Здесь не место разбирать все, или даже главнейшие, проблемы приключенческого жанра. Оставим литературоведам историю греческого романа, авантюрно-рыцарского романа средних веков, расцвет морского романа в эпоху великих открытий, влияние на этот жанр романтизма… Но нельзя не коснуться проблемы реализма в приключенческой литературе в связи с творчеством Жюля Верна!

Ни один писатель не может быть понят вне своей среды – вне общества, в котором он жил, вне литературы того времени, представителем которой, великим или малым, он является, ни вне жанра, в котором он работал.

Поэтому нельзя понять Жюля Верна до конца, не взглянув, хотя бы с птичьего полета, на литературу его века, на те бесчисленные приключенческие романы, рядом с которыми стоят на полке его тома.

Если для науки эпоха Жюля Верна была веком не только огромных успехов, но и торжества стихийного материализма в мировоззрении естествоиспытателей и инженеров, веком рождения материализма диалектического, то для литературы она стала веком реализма.

Сорок восьмой год был тем рубежом, который положил конец романтическому направлению и направил внимание писателей на поиски живой, неприкрашенной жизни, на поиски правды – и не только натуралистической, но и социальной, – которая стала для них более важной, чем красота, вернее сама стала новой красотой. Если еще недавно литература была привилегией избранных и вела своих талантливых представителей на университетские кафедры, в сенат и в совет министров, то теперь она становится делом народа, его лучших представителей. Если она раньше говорила на «ты» с императорами и королями, то это было всего лишь поэтической условностью (впрочем, Луи Филипп, мало понимавший в литературе, обиделся на Мюссе, который обратился к нему на «ты» в сонете). Теперь она приобрела небывалую силу и значение, так как стала существовать не милостью покровителей, но сочувствием читательских масс, не прислушиваясь к голосу политиков, но заставляя их самих подчиняться и льстить себе. Теперь, более чем когда-либо, французская литература становится мировой.

Но реализм торжествовал победу прежде самого сражения, и чем более полным, тем более кратким было его торжество, рожденная к жизни эпохой буржуазных революций, французская реалистическая литература невольно связала свою судьбу с породившим ее классом, французской буржуазии хватило на борьбу и на победу, но сладить с победой она не смогла.
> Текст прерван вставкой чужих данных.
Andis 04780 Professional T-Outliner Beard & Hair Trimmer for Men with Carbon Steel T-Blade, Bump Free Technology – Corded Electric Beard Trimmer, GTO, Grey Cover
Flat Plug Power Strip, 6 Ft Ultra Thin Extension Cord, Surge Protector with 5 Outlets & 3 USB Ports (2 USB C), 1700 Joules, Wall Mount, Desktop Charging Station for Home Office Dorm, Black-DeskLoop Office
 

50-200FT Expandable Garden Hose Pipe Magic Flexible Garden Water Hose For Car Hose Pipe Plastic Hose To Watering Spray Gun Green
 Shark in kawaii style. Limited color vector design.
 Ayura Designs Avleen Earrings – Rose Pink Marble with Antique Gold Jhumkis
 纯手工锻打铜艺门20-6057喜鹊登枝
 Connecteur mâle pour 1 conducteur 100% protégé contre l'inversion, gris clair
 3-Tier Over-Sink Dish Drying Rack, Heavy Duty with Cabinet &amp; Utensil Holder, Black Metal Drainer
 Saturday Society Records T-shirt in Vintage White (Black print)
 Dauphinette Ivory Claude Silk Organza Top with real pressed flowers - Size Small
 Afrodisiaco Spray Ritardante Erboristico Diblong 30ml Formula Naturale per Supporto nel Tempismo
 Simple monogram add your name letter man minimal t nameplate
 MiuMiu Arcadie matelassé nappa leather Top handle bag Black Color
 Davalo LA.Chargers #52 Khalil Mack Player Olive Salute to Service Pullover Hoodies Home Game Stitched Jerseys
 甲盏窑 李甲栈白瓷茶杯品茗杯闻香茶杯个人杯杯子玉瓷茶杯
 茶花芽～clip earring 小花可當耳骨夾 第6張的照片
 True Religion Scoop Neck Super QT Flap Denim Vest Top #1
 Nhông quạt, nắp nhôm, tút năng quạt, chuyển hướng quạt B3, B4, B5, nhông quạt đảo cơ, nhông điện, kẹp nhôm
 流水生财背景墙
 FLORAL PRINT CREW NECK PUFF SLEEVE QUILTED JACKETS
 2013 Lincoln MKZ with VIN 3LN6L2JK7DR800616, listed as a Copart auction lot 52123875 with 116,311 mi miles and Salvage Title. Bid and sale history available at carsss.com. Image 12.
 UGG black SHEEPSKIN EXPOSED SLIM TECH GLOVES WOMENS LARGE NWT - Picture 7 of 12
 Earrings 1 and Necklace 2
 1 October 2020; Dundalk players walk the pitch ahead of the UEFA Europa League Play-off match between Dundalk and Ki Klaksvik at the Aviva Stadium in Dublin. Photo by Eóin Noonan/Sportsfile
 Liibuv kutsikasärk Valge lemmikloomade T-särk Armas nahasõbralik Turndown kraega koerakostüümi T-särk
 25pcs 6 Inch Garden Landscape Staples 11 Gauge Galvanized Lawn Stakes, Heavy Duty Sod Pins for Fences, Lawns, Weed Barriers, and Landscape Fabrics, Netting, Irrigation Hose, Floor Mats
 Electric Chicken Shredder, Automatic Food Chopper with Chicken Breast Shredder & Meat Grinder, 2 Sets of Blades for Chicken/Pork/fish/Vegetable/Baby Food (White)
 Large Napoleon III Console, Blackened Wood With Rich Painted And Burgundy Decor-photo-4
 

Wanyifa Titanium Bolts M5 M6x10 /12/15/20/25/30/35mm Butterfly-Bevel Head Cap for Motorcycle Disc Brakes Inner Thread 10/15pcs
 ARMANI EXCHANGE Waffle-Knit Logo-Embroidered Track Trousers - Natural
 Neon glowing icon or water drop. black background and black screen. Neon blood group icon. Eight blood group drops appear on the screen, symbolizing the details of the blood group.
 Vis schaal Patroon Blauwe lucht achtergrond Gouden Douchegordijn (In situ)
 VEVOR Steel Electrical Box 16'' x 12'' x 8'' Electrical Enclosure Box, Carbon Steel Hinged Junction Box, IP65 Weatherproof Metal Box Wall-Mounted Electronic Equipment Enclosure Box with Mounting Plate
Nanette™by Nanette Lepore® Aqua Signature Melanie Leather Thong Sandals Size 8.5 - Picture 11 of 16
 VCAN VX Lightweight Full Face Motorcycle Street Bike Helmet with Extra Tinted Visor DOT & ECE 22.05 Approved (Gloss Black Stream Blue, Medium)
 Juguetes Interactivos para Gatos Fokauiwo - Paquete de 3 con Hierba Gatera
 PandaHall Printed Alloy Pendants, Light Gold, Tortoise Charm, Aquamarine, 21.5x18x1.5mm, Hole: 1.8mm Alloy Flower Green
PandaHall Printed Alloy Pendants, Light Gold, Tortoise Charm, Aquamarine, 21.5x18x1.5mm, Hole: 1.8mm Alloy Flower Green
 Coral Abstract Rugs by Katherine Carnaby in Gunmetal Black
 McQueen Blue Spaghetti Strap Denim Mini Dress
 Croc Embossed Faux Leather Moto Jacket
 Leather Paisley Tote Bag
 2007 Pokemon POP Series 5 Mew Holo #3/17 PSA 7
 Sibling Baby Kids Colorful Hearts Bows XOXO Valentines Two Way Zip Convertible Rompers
И великие реалисты, вызванные к жизни победой когда-то революционного класса, оказались ему ненужными. И чем ярче блистают их имена, тем трагичнее сложилась их личная судьба.

Историки литературы совершенно справедливо изучают литературу любой страны по ее лучшим представителям. Но для историка быта, нравов и общественных идей иногда важнее спуститься в нижние слои словесности (иногда этот вид творчества совестно назвать литературой), посмотреть на эпоху глазами современников. И если высшим судом являются История и Народ (оба с большой буквы), то первой судебной инстанцией для литературных произведений чаще всего является бульварная пресса, а присяжными заседателями – завсегдатаи дешевых кафе. Для этого литературного Парижа Стендаль был всего лишь беглым французским консулом, а Бальзак – неудачником, умершим в нищете. В этом Париже Флобер и братья Гонкур могли существовать лишь потому, что имели скромную ренту, независимую от их литературного заработка. Богом этого Парижа был Александр Дюма, ее голосом – Жюль Жанен.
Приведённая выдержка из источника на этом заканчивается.